== Your assignment ==
In the records below, begin at the line that has "Produktbild von Xylit" and stop after the line that has "Diesel × Vintage"; quote those lines verbatim and nothing more.

== Extracted data ==
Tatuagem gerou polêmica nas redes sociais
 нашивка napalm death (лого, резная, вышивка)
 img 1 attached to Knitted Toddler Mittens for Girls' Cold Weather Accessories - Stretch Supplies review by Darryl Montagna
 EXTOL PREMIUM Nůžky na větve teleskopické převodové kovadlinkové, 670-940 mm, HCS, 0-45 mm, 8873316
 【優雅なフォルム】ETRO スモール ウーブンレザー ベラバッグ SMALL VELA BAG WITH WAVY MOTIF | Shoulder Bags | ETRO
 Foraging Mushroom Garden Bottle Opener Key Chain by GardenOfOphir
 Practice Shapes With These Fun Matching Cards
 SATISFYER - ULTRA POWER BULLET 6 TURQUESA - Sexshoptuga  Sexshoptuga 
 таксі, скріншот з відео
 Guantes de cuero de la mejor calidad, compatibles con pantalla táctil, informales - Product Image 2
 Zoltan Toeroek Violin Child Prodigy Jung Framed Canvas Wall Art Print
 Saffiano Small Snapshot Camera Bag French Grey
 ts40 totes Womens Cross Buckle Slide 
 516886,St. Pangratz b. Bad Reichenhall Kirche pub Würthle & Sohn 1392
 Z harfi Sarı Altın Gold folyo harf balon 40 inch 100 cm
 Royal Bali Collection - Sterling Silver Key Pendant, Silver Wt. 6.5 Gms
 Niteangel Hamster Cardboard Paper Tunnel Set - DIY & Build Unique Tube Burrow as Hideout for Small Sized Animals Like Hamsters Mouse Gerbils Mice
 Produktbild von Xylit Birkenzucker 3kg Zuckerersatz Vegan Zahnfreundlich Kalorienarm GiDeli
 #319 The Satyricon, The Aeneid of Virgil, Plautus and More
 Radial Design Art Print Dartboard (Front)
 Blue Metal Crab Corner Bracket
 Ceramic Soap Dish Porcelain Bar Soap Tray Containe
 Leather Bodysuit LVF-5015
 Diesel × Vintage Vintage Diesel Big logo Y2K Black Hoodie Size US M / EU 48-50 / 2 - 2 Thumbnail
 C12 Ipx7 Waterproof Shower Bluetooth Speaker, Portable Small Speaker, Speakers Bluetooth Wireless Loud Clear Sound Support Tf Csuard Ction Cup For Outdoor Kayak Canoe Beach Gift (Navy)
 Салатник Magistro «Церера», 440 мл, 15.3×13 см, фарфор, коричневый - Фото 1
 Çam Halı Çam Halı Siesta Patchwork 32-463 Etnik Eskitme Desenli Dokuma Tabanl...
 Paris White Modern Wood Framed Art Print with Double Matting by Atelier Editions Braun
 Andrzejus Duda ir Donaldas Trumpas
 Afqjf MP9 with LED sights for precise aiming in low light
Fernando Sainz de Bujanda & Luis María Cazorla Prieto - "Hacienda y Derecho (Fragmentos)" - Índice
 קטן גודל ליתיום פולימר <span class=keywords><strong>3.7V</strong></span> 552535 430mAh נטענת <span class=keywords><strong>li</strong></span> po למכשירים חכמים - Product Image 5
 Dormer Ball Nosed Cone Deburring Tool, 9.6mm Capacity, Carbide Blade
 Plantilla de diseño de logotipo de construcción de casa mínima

== Answer to this exercise ==
 Produktbild von Xylit Birkenzucker 3kg Zuckerersatz Vegan Zahnfreundlich Kalorienarm GiDeli
 #319 The Satyricon, The Aeneid of Virgil, Plautus and More
 Radial Design Art Print Dartboard (Front)
 Blue Metal Crab Corner Bracket
 Ceramic Soap Dish Porcelain Bar Soap Tray Containe
 Leather Bodysuit LVF-5015
 Diesel × Vintage Vintage Diesel Big logo Y2K Black Hoodie Size US M / EU 48-50 / 2 - 2 Thumbnail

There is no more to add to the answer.